**Exercise**
The pictures are to be left out, and all remaining data is to be transcribed exactly as it appears.

**Available data**
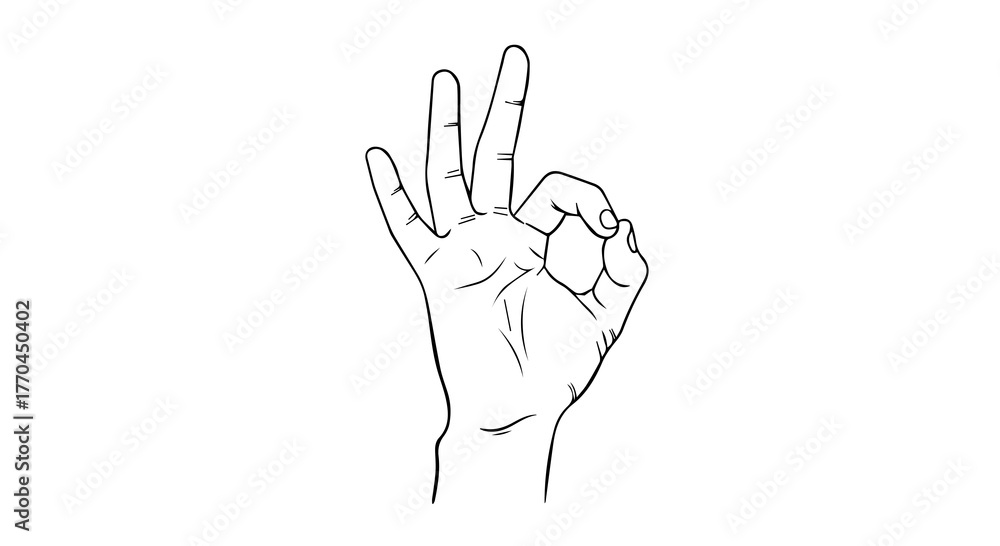 Obraz premium “OK” Hand Gesture Line Drawing with Circular Fingers and Extended Pose expressing Pefection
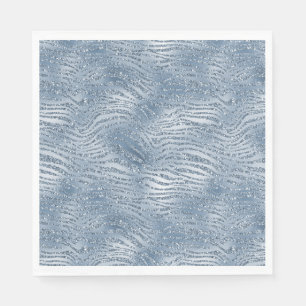 Serviette En Papier Parties scintillant en verre bleu Zebra Print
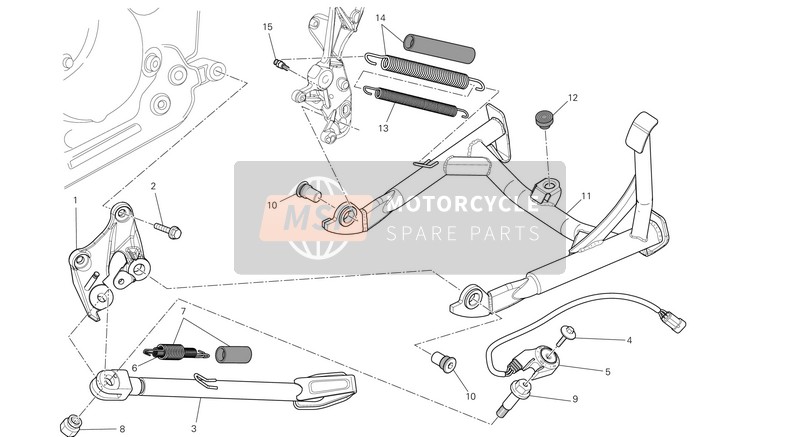 Ducati MULTISTRADA 1200 S GT USA 2013 Side Stand for a 2013 Ducati MULTISTRADA 1200 S GT USA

**Exercise solution**
 Obraz premium “OK” Hand Gesture Line Drawing with Circular Fingers and Extended Pose expressing Pefection
 Serviette En Papier Parties scintillant en verre bleu Zebra Print
 Ducati MULTISTRADA 1200 S GT USA 2013 Side Stand for a 2013 Ducati MULTISTRADA 1200 S GT USA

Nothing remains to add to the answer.